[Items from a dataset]
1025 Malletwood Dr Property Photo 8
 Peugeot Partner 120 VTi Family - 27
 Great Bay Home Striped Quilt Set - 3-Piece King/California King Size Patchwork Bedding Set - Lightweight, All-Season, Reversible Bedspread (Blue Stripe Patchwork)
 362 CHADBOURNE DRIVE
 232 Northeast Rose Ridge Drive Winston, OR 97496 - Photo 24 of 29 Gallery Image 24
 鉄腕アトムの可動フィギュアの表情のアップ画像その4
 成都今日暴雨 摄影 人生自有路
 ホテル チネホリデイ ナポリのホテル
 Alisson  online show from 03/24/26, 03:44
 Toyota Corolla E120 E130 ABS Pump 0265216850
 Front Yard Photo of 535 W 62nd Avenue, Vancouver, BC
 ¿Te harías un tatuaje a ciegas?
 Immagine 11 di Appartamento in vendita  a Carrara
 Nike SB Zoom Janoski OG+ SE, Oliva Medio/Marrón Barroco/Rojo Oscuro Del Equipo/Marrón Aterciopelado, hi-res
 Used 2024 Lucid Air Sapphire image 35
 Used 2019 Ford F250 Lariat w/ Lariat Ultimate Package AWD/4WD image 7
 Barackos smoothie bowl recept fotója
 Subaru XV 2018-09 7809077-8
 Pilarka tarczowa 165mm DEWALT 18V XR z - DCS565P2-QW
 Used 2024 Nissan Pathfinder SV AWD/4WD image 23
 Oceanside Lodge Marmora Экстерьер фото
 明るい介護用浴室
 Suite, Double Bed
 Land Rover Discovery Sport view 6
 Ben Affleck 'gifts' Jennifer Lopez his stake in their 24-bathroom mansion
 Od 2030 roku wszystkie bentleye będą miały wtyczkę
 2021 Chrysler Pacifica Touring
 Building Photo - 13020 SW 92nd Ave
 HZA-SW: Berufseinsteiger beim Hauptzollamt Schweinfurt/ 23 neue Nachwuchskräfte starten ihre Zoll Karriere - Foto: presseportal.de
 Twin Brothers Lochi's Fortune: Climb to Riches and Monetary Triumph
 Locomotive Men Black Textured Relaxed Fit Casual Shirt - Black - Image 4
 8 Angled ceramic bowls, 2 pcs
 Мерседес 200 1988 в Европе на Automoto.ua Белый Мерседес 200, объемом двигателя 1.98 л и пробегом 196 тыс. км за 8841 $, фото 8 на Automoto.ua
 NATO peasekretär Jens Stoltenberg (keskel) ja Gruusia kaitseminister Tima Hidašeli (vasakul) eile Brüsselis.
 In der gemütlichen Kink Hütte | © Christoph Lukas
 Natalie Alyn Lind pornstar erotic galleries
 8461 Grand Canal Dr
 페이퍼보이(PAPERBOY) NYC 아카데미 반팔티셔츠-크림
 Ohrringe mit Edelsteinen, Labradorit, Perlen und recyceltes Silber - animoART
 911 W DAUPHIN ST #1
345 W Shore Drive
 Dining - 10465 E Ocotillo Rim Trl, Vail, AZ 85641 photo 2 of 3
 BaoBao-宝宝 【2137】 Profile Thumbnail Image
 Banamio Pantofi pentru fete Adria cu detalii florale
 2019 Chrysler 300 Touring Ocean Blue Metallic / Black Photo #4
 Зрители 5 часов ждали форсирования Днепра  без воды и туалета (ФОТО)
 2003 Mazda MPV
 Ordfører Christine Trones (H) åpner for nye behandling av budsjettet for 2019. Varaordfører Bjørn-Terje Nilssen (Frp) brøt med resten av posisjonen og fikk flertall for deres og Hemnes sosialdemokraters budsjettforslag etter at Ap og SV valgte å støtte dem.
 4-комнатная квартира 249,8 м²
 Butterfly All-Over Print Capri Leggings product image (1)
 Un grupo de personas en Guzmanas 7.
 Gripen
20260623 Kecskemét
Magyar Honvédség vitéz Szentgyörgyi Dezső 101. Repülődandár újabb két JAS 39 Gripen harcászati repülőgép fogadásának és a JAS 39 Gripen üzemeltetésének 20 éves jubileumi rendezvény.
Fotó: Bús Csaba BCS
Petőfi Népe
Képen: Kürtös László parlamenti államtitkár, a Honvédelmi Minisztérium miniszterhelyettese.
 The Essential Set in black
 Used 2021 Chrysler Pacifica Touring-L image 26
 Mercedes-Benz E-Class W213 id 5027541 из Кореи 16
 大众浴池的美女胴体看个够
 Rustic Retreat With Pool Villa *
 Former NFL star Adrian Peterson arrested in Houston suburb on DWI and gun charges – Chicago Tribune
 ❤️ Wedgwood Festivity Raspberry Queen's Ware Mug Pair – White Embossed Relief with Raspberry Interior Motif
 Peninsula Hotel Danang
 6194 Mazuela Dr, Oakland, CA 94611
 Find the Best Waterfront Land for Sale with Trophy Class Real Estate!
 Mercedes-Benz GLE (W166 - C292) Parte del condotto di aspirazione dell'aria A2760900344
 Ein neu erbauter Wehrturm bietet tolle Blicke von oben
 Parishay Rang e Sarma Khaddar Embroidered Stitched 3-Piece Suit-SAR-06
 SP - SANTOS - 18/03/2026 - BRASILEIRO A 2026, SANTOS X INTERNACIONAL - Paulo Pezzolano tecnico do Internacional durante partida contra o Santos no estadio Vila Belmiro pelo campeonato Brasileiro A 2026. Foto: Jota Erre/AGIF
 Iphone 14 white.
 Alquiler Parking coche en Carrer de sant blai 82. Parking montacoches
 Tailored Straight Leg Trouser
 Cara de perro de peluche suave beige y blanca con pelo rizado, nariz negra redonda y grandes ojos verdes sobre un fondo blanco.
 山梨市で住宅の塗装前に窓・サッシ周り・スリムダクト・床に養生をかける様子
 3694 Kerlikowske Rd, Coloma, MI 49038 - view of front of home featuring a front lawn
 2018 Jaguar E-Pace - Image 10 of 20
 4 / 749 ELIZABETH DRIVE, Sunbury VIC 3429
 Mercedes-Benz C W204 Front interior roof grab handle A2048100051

## Try it
Please reproduce exactly the lines from the first one of the records above through the line containing "8 Angled ceramic bowls, 2 pcs", both included, and nothing else.

## Finished exercise
1025 Malletwood Dr Property Photo 8
 Peugeot Partner 120 VTi Family - 27
 Great Bay Home Striped Quilt Set - 3-Piece King/California King Size Patchwork Bedding Set - Lightweight, All-Season, Reversible Bedspread (Blue Stripe Patchwork)
 362 CHADBOURNE DRIVE
 232 Northeast Rose Ridge Drive Winston, OR 97496 - Photo 24 of 29 Gallery Image 24
 鉄腕アトムの可動フィギュアの表情のアップ画像その4
 成都今日暴雨 摄影 人生自有路
 ホテル チネホリデイ ナポリのホテル
 Alisson  online show from 03/24/26, 03:44
 Toyota Corolla E120 E130 ABS Pump 0265216850
 Front Yard Photo of 535 W 62nd Avenue, Vancouver, BC
 ¿Te harías un tatuaje a ciegas?
 Immagine 11 di Appartamento in vendita  a Carrara
 Nike SB Zoom Janoski OG+ SE, Oliva Medio/Marrón Barroco/Rojo Oscuro Del Equipo/Marrón Aterciopelado, hi-res
 Used 2024 Lucid Air Sapphire image 35
 Used 2019 Ford F250 Lariat w/ Lariat Ultimate Package AWD/4WD image 7
 Barackos smoothie bowl recept fotója
 Subaru XV 2018-09 7809077-8
 Pilarka tarczowa 165mm DEWALT 18V XR z - DCS565P2-QW
 Used 2024 Nissan Pathfinder SV AWD/4WD image 23
 Oceanside Lodge Marmora Экстерьер фото
 明るい介護用浴室
 Suite, Double Bed
 Land Rover Discovery Sport view 6
 Ben Affleck 'gifts' Jennifer Lopez his stake in their 24-bathroom mansion
 Od 2030 roku wszystkie bentleye będą miały wtyczkę
 2021 Chrysler Pacifica Touring
 Building Photo - 13020 SW 92nd Ave
 HZA-SW: Berufseinsteiger beim Hauptzollamt Schweinfurt/ 23 neue Nachwuchskräfte starten ihre Zoll Karriere - Foto: presseportal.de
 Twin Brothers Lochi's Fortune: Climb to Riches and Monetary Triumph
 Locomotive Men Black Textured Relaxed Fit Casual Shirt - Black - Image 4
 8 Angled ceramic bowls, 2 pcs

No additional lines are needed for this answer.